Why, you ask...? Well, I generally enjoy recreating environments from other games, and the Nintendo DS Zelda games have a lot in common with how New Horizons structures its top-down world. The Switch title is actually much closer to them than it is to New Leaf or older Animal Crossing games. Plus, there is the whole islands-on-the-ocean setting, which the games have in common as well.
The most obvious candidate then was Maze Island, because it is square-shaped, much like all the islands in New Horizons, and it's entirely using only basic elements, where you can faithfully recreate the island in its entirety. New Horizons als has its own maze-like island for the May Day, so it's all connected and a good fit.
However, there was one problem: neither of the three given sizes were fully suitable. The small islands were too small. The big islands leave way too much space, where you would have to create a giant lake in the inside of the island, which is a bit weird.
This leaves the medium islands, but their inside has an actual square shape, as in quadratic, while Maze Island has the shape of a rectangle. It's about seven columns too short on the length, and also two rows too short on the depth, so I could not copy the maze 100% in its entirety.
Still, I went with a medium-sized island and just left the sides open, as a compromise. It's not like I was going to recreate the actual mini-game, so it's fine and I was even able to incorporate the beaches for a bit, making full use of the whole island.
Also, I had to improvise a bit to save two rows on the vertical axis, but I think I did a good job at hiding the omissions there. This is thanks to one major difference of how the Nintendo DS Zelda games and New Horizons behave:
In New Horizons you can move behind walls. In Phantom Hourglass it blocks you from doing so, where secretly all the walls are sloped on their backside to achieve this effect. This means that every horizontal wall in the maze takes up two rows and not just one.
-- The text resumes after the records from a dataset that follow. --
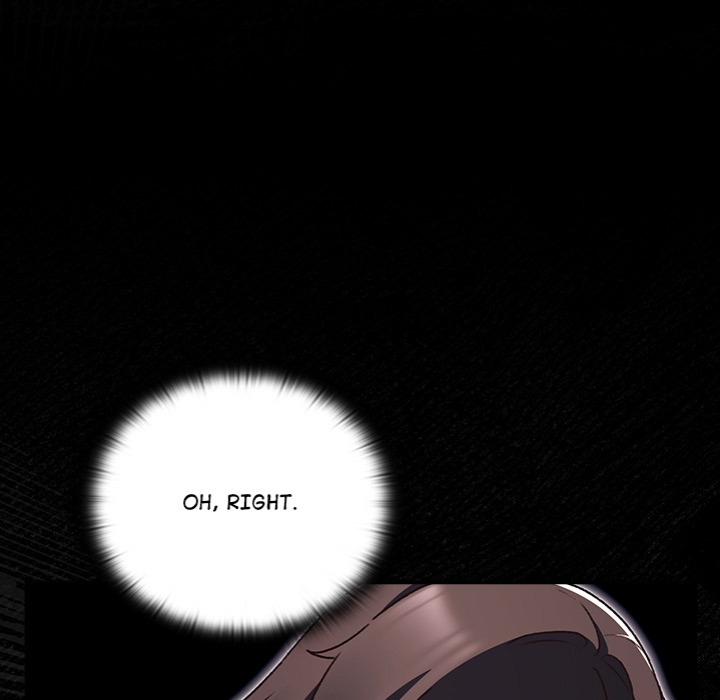 Thrust & Conquer Chapter 3 Page 71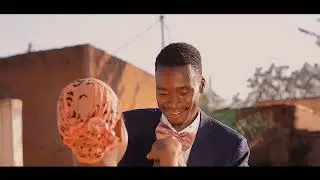 Bodza_Si-Nigah(Prd.Si-Nigah)Visaulizer Dr/ED Khwisa.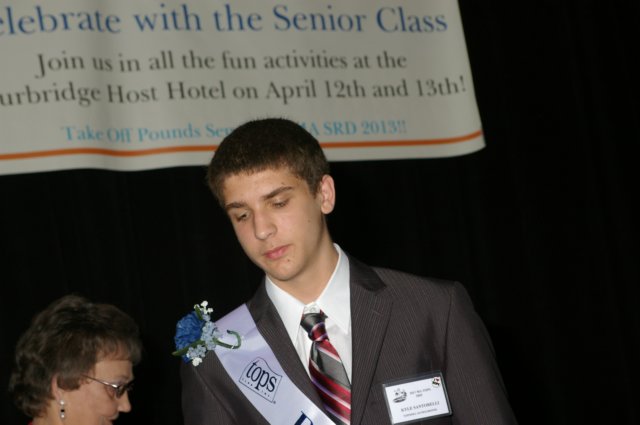 IMGP2176 imgp2176.jpg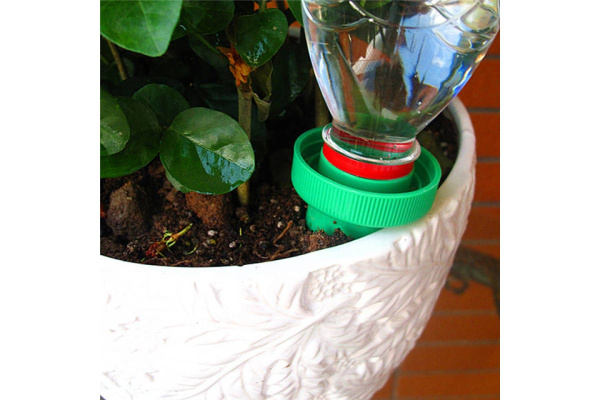 Керамические насадки для капельного полива Archimedes 2 шт. 90838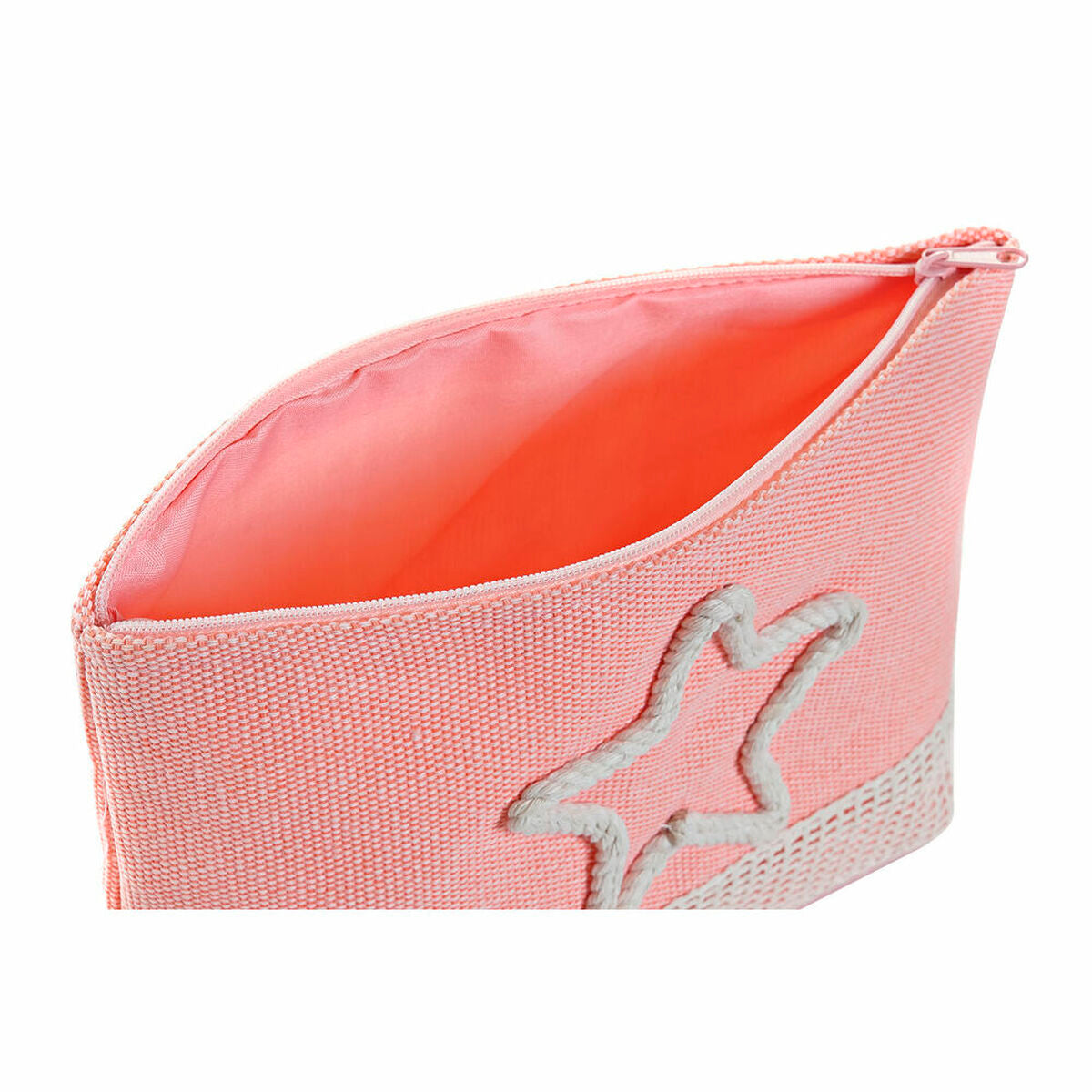 V7HE7A9AA994FFD8EBD1479D6F6B61312D7R5661449P2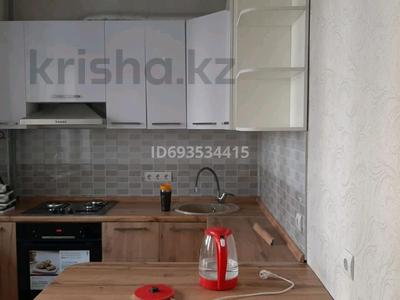 2-комнатная квартира · 58 м² · 2/5 этаж, Котельникова 8/1 — Акан серы- Котельникова за 37 млн ₸ в Алматы, Турксибский р-н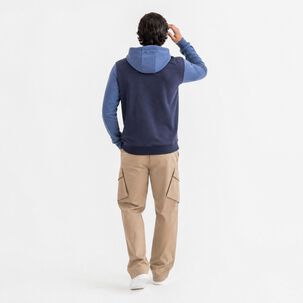 Pantal&oacute;n Hombre Ocean Pacific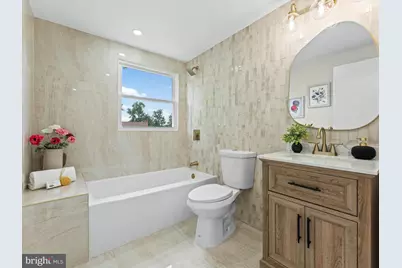 126 Tiffany Lane, Willingboro, NJ 08046 - Photo 49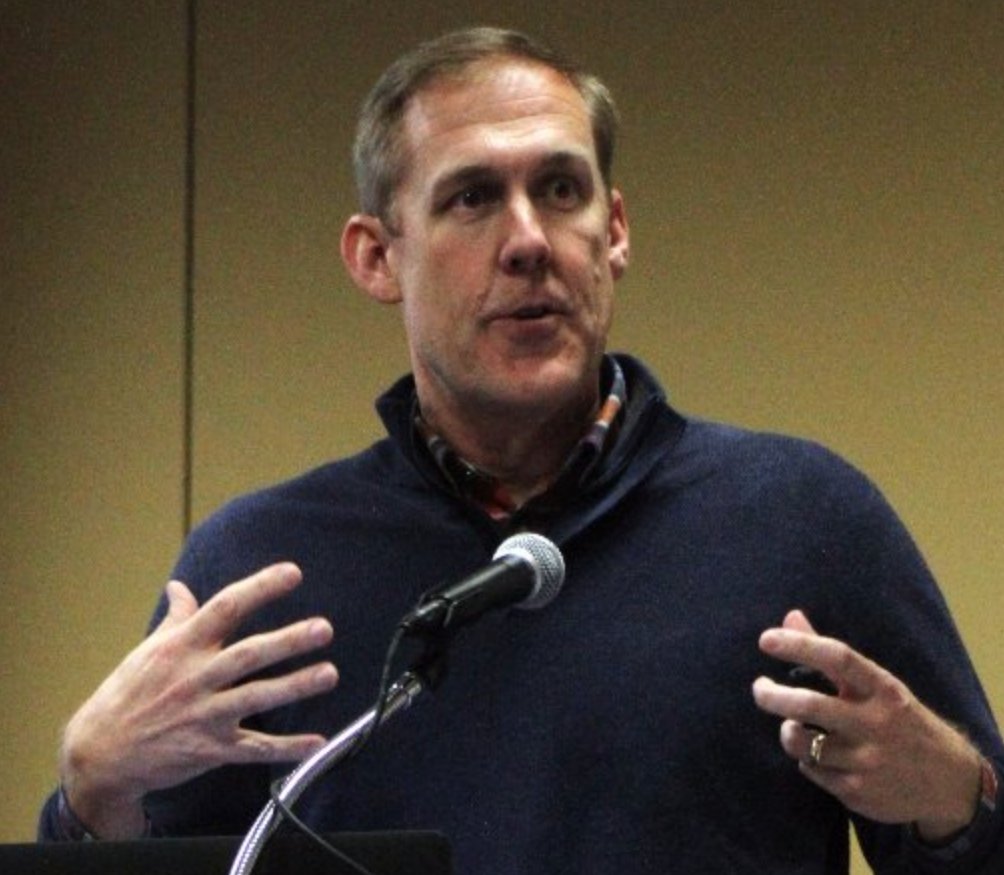 TudorUniversity tweet media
There is even a part at the center of the maze, which stacks up to three rows. So, the horizontal tunnels ended up being two blocks wide for the most part, but this happenstance let me omit two rows without it being noticeable.
As for the different elements inside the maze, I used the Goddess Statues to serve as the Gossip Stones. Having the actual Gossip Stone item back would have been awesome, of course, but this is a suitable replacement, where you can also interact with them. Otherwise, I used Plasma Balls to pose as Crystal Switches and I buried Dream Gold Nuggets wherever you would have encountered spike barriers. So, the maze is already in its cleared/solved state, where all the bridges got extended and all the spikes have been lowered. The game's own inclines were also too big, so I had to use ladders instead for all the locations that had one in the original.
You still have to put your house somewhere, but you can just place it on the beach, so it doesn't get in the way. I tried to give the rooms inside a slight Zelda theme without putting all that much effort into them, where the highlight is the Chris Houlihan Room:
Okay, to be honest, I stole the idea for this room from Nintendo, but I refined it a bit. And that's actually another great use case for Slumber Islands: making silly, pointless rooms, without feeling bad about the wasted space. This is simply meant to be art, where you can also tape a banana to a wall if it makes you happy.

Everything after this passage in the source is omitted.